→ **What to do**: All records below must be reproduced exactly, although any pictures they contain are to be omitted.

Stored items from a collection
+ + + + +

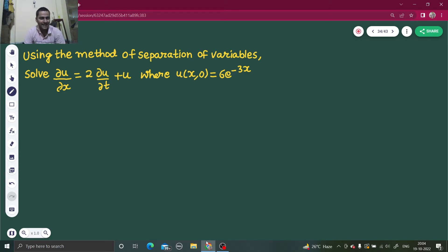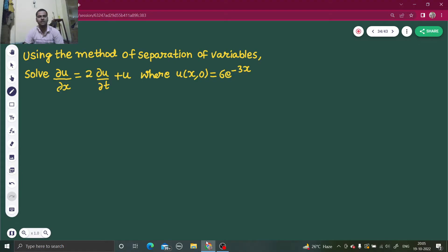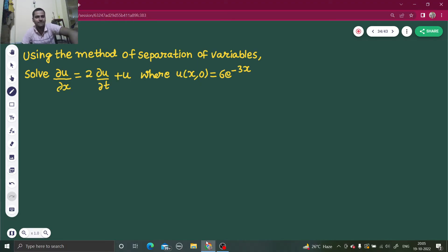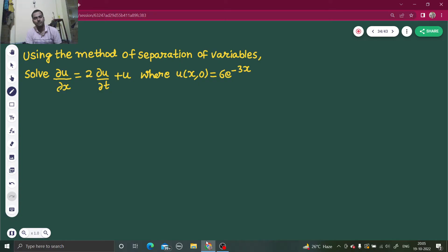Hello everyone, namaskar. Today we are going to solve one problem from the application of partial differential equations. Using the method of separation of variables, solve del u by del x equals 2 del u by del t plus u, where the value of u at (x, 0) is 6e^(-3x). It's an interesting method, so let's see how to solve problems using this method.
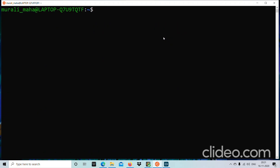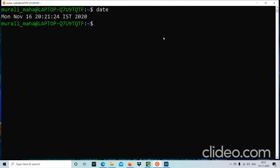Next, let us look at another general purpose utility — the `date` command. As the name suggests, it displays the system date in a particular format: the day of the week, month, date, time, time zone, and year. Can we customize this format? Yes. For example: `date +%d-%h-%Y` should display the date in the format DD-Mon-YYYY.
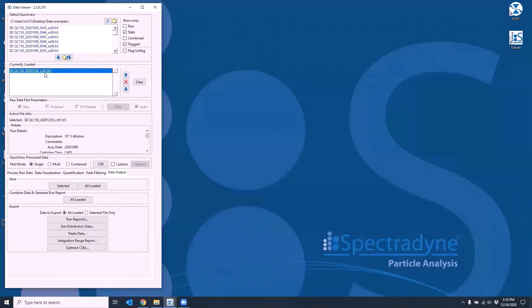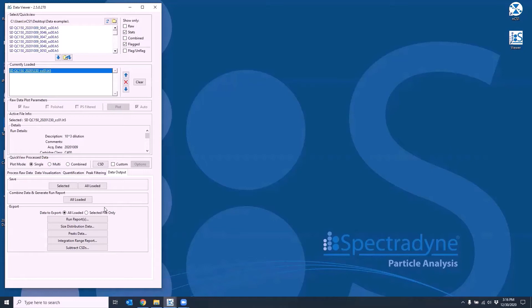Now let's take a look at the export options. The run report option allows you to create the Excel run report format without having to combine the data again.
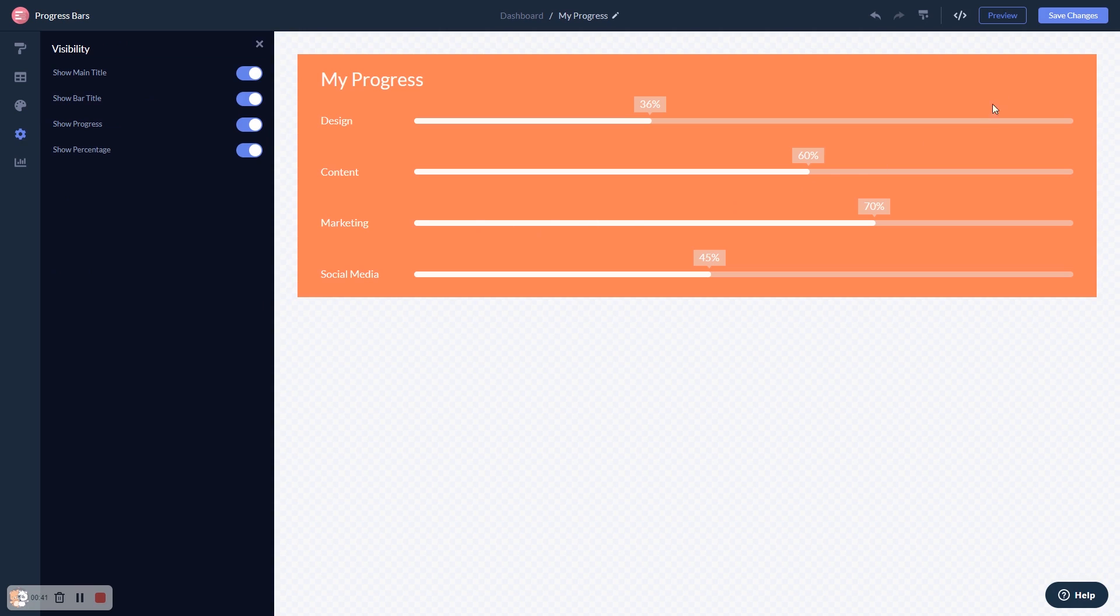When you're done, click the Save Changes button to save your work. If you don't have an account on Common Ninja yet, you'll have to register first.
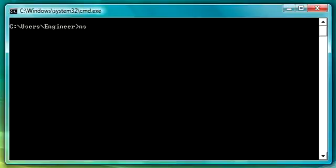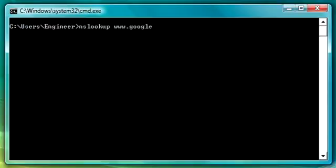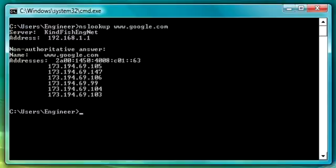So we'll start with NSLOOKUP and we'll type in a famous site. We'll say google.com and hit enter. And you see it comes back with the answers for the IP addresses for the website. This lets you know your DNS is working.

+ + + + +

→ **Written answer**:
Hello everyone, namaskar. Today we are going to solve one problem from the application of partial differential equations. Using the method of separation of variables, solve del u by del x equals 2 del u by del t plus u, where the value of u at (x, 0) is 6e^(-3x). It's an interesting method, so let's see how to solve problems using this method.
Next, let us look at another general purpose utility — the `date` command. As the name suggests, it displays the system date in a particular format: the day of the week, month, date, time, time zone, and year. Can we customize this format? Yes. For example: `date +%d-%h-%Y` should display the date in the format DD-Mon-YYYY.
Now let's take a look at the export options. The run report option allows you to create the Excel run report format without having to combine the data again.
When you're done, click the Save Changes button to save your work. If you don't have an account on Common Ninja yet, you'll have to register first.
So we'll start with NSLOOKUP and we'll type in a famous site. We'll say google.com and hit enter. And you see it comes back with the answers for the IP addresses for the website. This lets you know your DNS is working.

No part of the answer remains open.